What to know about an Apple Cider Vinegar Diet
By Chef Vincent Tropepe
IF YOU FIND IT HARD TO keep up with all the diets out there purporting to foster weight loss, you’re not alone. For many, the apple cider vinegar diet will be a new one to add to the list.
This particular diet reached peak interest in 2017, when it was one of the most searched diet on Google, according to Harvard Health. But the diet’s core ideas stretch back much further than that. Humans have believed that apple cider vinegar possesses healthful properties for hundreds of years – and in fact it does.
There is no established amount or timing with vinegar consumption, but it typically includes drinking 1 to 2 teaspoons before or with some or most meals. But can it help someone lose weight?
Apples, of course, are very healthy, loaded with vitamins and fiber and all the other good stuff packed into fruits. One a day, we’ve been told since childhood, keeps the doctor away. So why wouldn’t apple cider vinegar also be healthy? The truth is that it is, but not in the ways proponents of the diet would have you believe.
Apple cider vinegar is, like all vinegars, produced when source materials – in this case, apples– are crushed to release liquids, and then those liquids are distilled and allowed to ferment.
During fermentation, the natural sugars turn into acetic acid, which is what some claim is behind weight loss and other health benefits. Harvard Health reports that apple cider vinegar has been thought to improve strength, to help the body detoxify, to work as an antibiotic and even to be an effective treatment for scurvy. Weight loss is a more recent claim. But there is little evidence to support that particular claim.
One small study, from 2009, looked at 175 subjects who drank 0, 1 or 2 tablespoons of plain vinegar each day for three months. It found that those who drank vinegar had modest weight loss of 2 to 4 pounds and lower triglyceride levels than those who drank no vinegar. A small 2018 study of just 39 subjects found that those who included apple cider vinegar in a low-calorie diet for 12 weeks lost a bit more weight than those whose low-calorie plan did not include the vinegar.

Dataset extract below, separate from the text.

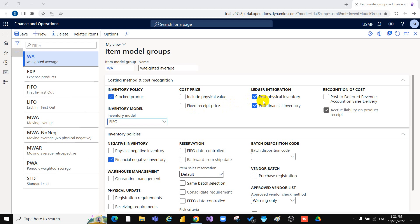Post Physical Inventory means you can select this option to post physical item transactions in the system. When you receive a purchase order, if you need to post a journal to the ledger during receipt, you must select Post Physical Inventory. Physical item transactions are posted for packing slip and product receipt, so the system will create a journal or voucher during product receipt or packing slip.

These small, short-term studies, and a few others involving animals, fall far short of proof. “In all, the scientific evidence that vinegar consumption (whether of the apple cider variety or not) is a reliable, long-term means of losing excess weight is not compelling,” according to Harvard Health.
Is there any harm in trying apple cider vinegar to lose weight?
Yes, there can be. The high acidity in vinegar can break down tooth enamel and cause throat irritation if it is not diluted, as in, say, a salad dressing. It may also cause a drop in potassium levels and affect insulin levels. People taking diuretics for high blood pressure or other reasons (which can lower potassium) and those with diabetes should be very careful with vinegar consumption, and they should talk to their doctors about it first.
There is another potential consideration to take into account. “You’ll probably be sick to your stomach from drinking cider. You might lose weight that way,” says Wesley McWhorter, the director of the Nourish Program at the Dell Center for Healthy Living at the University of Texas Health Science Center at Houston School of Public Health.[
“Despite the appeal to drink a few teaspoons of apple cider vinegar at meals to promote weight loss, there is limited evidence to support the idea apple cider vinegar, without other dietary changes, will result in weight loss,” says Kristen Smith, a registered dietitian, and the bariatric surgery coordinator for Piedmont Healthcare in Atlanta. “I have never recommended a client drink apple cider vinegar prior to a meal to promote weight loss and suspect I never will,” adds Smith, the author of a blog that promotes healthy eating for the entire family and a spokesperson for the Academy of Nutrition and Dietetics.
That’s not to say that apple cider vinegar isn’t a good choice when cooking. “I have recommended clients use apple cider vinegar as a lower-calorie flavoring agent for salads or vegetables. It offers minimal calories and a bold, tart flavor,” Smith says.
“There is always a hint of truth to all of these diets. Vinegar is good for you. But that doesn’t mean if I consume it and the rest of my diet is (bad), I will be healthy, no,” says McWhorter, who is also a professional chef and teaches nutrition education through hands-on culinary medicine courses. “Don’t just chug it – that’s disgusting. No one should be miserable eating. You should enjoy it. I love apple cider vinegar in collard greens. It’s delicious, and you are getting the same thing as if you were chugging it.”